## Available data
——

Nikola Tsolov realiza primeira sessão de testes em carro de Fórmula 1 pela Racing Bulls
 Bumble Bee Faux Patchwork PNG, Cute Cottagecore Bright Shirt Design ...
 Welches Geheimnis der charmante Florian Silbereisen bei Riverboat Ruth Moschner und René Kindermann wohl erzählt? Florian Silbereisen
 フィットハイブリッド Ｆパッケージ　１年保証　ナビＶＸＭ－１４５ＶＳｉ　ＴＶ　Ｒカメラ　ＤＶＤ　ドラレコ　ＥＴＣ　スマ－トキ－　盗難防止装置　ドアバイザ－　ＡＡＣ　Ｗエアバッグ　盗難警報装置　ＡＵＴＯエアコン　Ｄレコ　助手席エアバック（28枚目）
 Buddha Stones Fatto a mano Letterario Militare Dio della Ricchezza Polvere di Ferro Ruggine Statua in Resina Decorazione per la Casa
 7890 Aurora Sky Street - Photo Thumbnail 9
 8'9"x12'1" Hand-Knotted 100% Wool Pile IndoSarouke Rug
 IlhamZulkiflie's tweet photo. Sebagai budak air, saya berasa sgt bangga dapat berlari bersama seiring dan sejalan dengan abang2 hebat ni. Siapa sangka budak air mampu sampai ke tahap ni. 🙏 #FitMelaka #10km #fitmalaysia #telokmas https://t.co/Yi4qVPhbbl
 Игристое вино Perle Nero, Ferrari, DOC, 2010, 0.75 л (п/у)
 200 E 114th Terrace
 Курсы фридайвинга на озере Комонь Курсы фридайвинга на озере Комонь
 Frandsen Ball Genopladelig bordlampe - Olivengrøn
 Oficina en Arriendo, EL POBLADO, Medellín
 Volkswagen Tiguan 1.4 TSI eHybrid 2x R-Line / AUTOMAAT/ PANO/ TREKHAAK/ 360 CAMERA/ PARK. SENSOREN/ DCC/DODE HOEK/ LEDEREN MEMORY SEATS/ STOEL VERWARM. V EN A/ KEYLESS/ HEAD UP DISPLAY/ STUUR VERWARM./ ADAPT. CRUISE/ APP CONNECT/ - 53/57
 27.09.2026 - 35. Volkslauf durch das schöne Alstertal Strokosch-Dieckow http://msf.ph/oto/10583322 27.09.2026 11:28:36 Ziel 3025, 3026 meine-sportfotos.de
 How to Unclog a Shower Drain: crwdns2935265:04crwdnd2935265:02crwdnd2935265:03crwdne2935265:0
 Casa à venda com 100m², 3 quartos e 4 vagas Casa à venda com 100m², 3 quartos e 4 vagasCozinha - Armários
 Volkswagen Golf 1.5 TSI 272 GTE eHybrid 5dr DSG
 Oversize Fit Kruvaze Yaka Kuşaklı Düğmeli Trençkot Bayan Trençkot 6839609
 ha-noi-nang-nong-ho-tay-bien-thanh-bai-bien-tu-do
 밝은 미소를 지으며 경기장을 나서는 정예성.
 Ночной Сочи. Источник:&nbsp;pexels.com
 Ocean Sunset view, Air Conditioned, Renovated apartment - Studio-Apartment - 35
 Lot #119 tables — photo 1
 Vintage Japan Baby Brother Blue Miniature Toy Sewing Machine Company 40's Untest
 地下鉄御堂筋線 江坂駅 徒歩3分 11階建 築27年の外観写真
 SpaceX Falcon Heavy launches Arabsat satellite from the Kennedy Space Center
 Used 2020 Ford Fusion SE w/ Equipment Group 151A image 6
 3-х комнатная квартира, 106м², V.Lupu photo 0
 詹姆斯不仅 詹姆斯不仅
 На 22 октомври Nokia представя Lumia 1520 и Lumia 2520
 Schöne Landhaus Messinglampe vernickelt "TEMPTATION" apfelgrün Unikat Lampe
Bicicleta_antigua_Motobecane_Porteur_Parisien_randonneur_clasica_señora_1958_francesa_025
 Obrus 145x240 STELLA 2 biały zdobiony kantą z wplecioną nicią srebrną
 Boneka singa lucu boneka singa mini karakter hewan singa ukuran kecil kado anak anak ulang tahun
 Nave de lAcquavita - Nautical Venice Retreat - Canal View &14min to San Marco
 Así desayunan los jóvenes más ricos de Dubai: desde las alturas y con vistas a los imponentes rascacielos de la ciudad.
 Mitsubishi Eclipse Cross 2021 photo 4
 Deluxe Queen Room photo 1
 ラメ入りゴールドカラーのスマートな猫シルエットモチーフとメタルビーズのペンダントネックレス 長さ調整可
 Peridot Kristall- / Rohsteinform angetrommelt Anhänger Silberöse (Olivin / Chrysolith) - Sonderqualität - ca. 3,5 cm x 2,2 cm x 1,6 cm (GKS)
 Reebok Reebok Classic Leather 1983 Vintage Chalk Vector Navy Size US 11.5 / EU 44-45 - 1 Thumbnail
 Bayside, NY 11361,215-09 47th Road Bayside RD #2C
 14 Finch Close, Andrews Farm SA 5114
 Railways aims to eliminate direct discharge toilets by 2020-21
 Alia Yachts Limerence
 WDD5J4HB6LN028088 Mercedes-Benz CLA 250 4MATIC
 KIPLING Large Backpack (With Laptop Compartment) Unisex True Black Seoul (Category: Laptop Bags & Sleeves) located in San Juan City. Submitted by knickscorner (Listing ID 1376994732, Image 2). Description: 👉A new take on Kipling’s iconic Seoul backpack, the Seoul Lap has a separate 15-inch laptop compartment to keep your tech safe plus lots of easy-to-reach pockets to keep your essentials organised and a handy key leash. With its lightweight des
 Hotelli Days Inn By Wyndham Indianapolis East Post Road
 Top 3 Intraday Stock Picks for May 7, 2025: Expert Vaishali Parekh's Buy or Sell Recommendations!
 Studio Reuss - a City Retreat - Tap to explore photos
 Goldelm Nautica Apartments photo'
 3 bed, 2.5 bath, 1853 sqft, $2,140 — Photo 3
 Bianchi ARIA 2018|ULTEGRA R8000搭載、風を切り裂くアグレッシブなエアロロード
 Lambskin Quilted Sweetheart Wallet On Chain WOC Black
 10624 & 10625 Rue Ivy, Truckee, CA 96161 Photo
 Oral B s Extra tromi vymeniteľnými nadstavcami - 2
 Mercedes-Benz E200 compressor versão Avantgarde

——

## Work request
Go to the line in the material above that contains "Mitsubishi Eclipse Cross 2021 photo 4" and copy exactly from there through the line that contains "WDD5J4HB6LN028088 Mercedes-Benz CLA", stopping after it.

## Answer below
 Mitsubishi Eclipse Cross 2021 photo 4
 Deluxe Queen Room photo 1
 ラメ入りゴールドカラーのスマートな猫シルエットモチーフとメタルビーズのペンダントネックレス 長さ調整可
 Peridot Kristall- / Rohsteinform angetrommelt Anhänger Silberöse (Olivin / Chrysolith) - Sonderqualität - ca. 3,5 cm x 2,2 cm x 1,6 cm (GKS)
 Reebok Reebok Classic Leather 1983 Vintage Chalk Vector Navy Size US 11.5 / EU 44-45 - 1 Thumbnail
 Bayside, NY 11361,215-09 47th Road Bayside RD #2C
 14 Finch Close, Andrews Farm SA 5114
 Railways aims to eliminate direct discharge toilets by 2020-21
 Alia Yachts Limerence
 WDD5J4HB6LN028088 Mercedes-Benz CLA 250 4MATIC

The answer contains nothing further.